**Work to be completed**
Stop at the line that contains "Car Trash Can with". Until then, set down each line of the records exactly, beginning with the first, and skip pictures.
───── Material provided
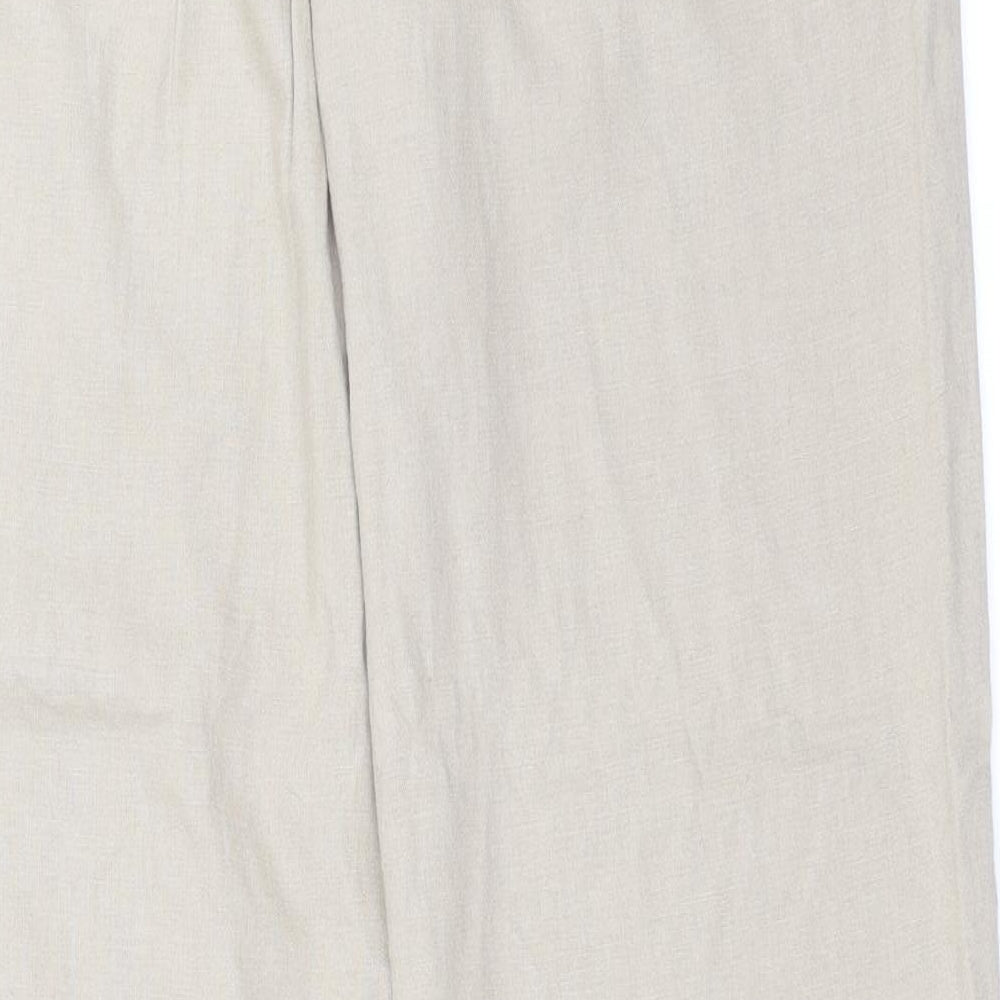 George Womens Beige  Linen Trousers  Size 12 L30 in Regular Button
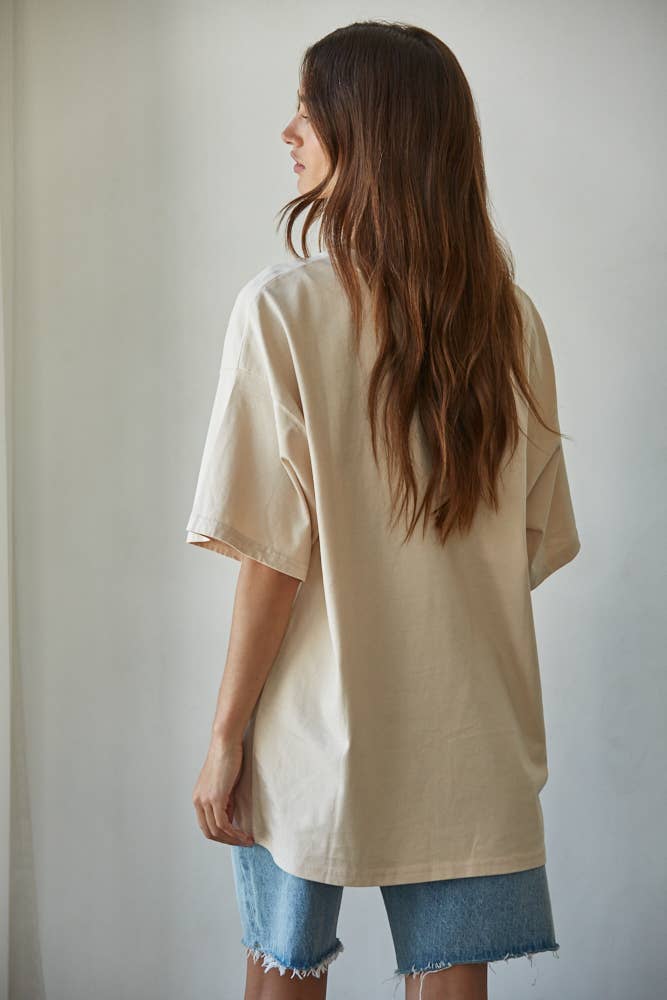 Cotton Drop Shoulder Oversized Shirt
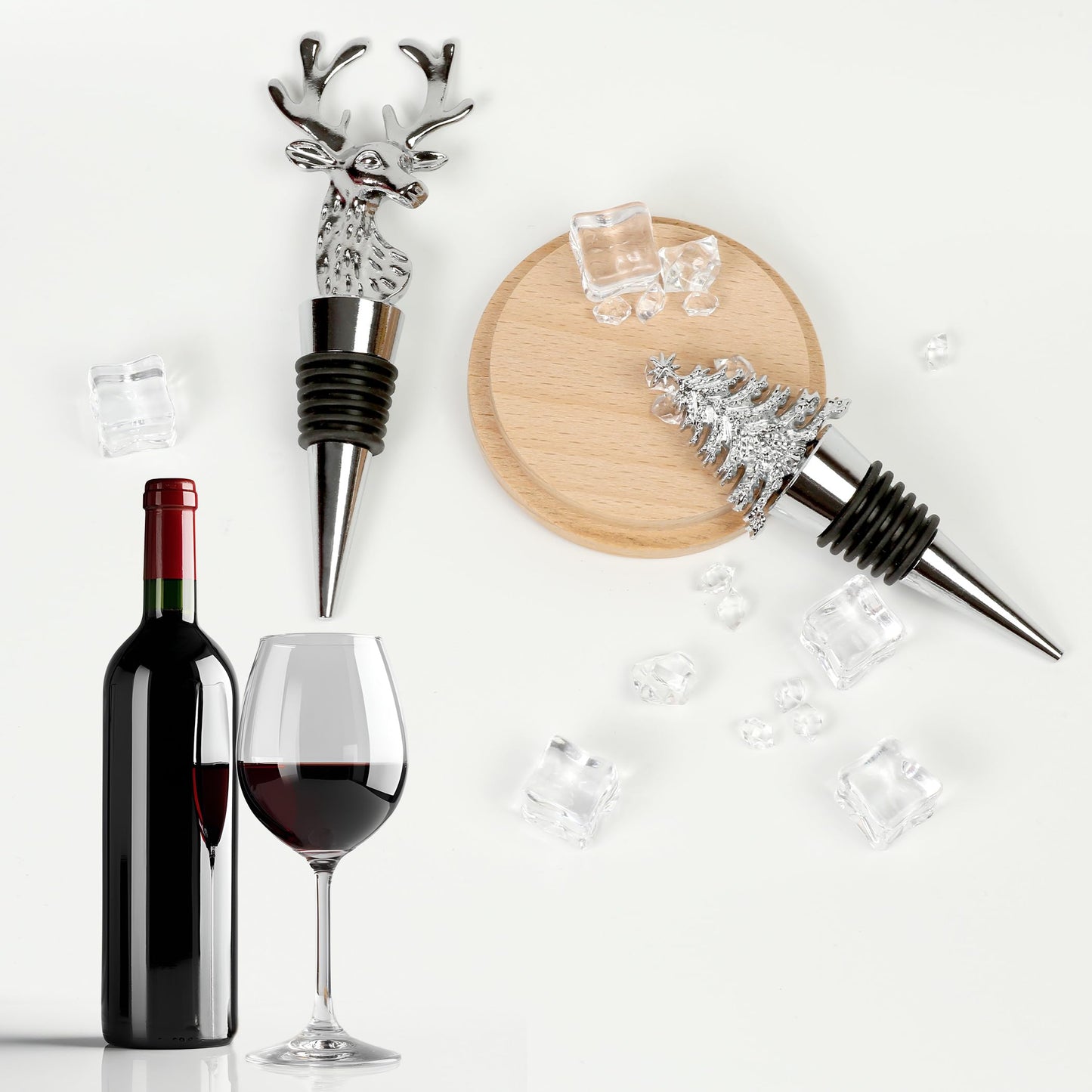 2Pack Christmas Wine Stopper, Elk & Christmas Tree Shape Decorative Wine Bottle Stopper, Food-Grade Silicone & Zinc Alloy Airtight Wine Cork for Wine Champagne, Xmas Party Home Bar Holiday Gift Silver
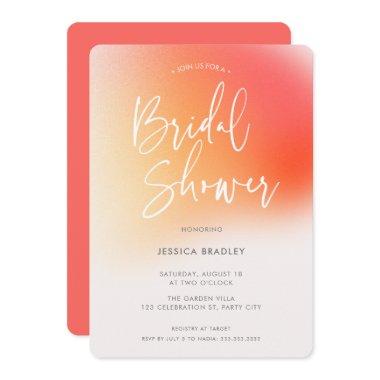 Modern Bold Orange Pink Gradient Bridal Shower Invitations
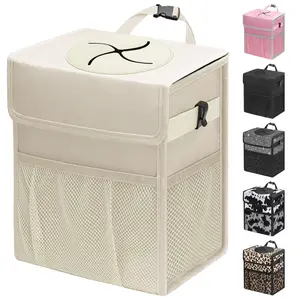 Car Trash Can with Lid Leak-Proof Car Trash Bag Hanging Waterproof Car Trash Bin with Storage Bag Mini Car Trash Can Suitable for Rear/Front Seat (Beige, 2.5 Gallon)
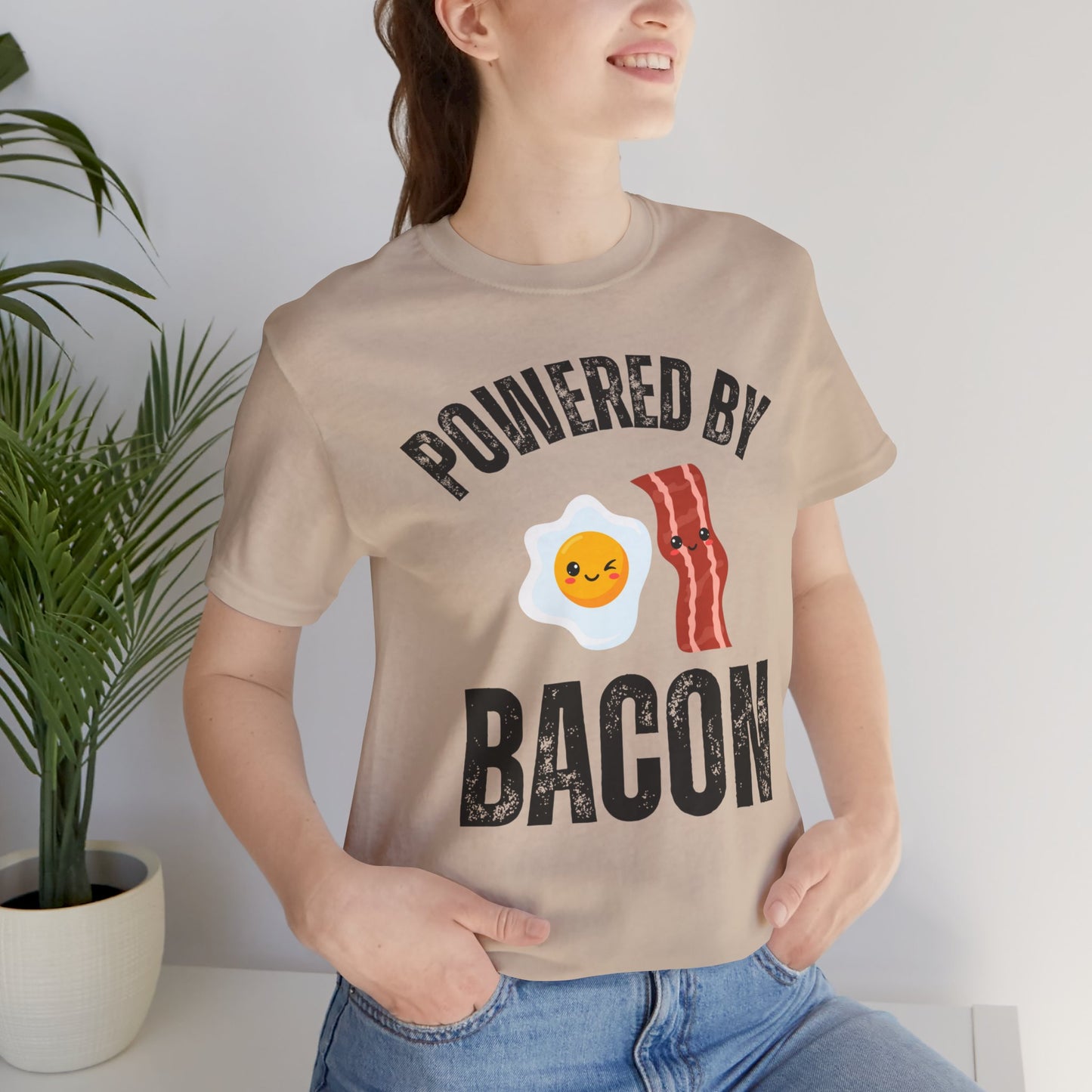 Funny Bacon & Egg T-shirt for Meat Lover Gift for Bacon Lover Shirt for Carnivore gift for Meat T Shirt Powered By BACON Tee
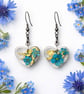 Blue Flower Heart Resin Earrings with Gold Leaf – Dainty Romantic Jewellery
──────────
**Your response**
 George Womens Beige  Linen Trousers  Size 12 L30 in Regular Button
 Cotton Drop Shoulder Oversized Shirt
 2Pack Christmas Wine Stopper, Elk & Christmas Tree Shape Decorative Wine Bottle Stopper, Food-Grade Silicone & Zinc Alloy Airtight Wine Cork for Wine Champagne, Xmas Party Home Bar Holiday Gift Silver
 Modern Bold Orange Pink Gradient Bridal Shower Invitations
 Car Trash Can with Lid Leak-Proof Car Trash Bag Hanging Waterproof Car Trash Bin with Storage Bag Mini Car Trash Can Suitable for Rear/Front Seat (Beige, 2.5 Gallon)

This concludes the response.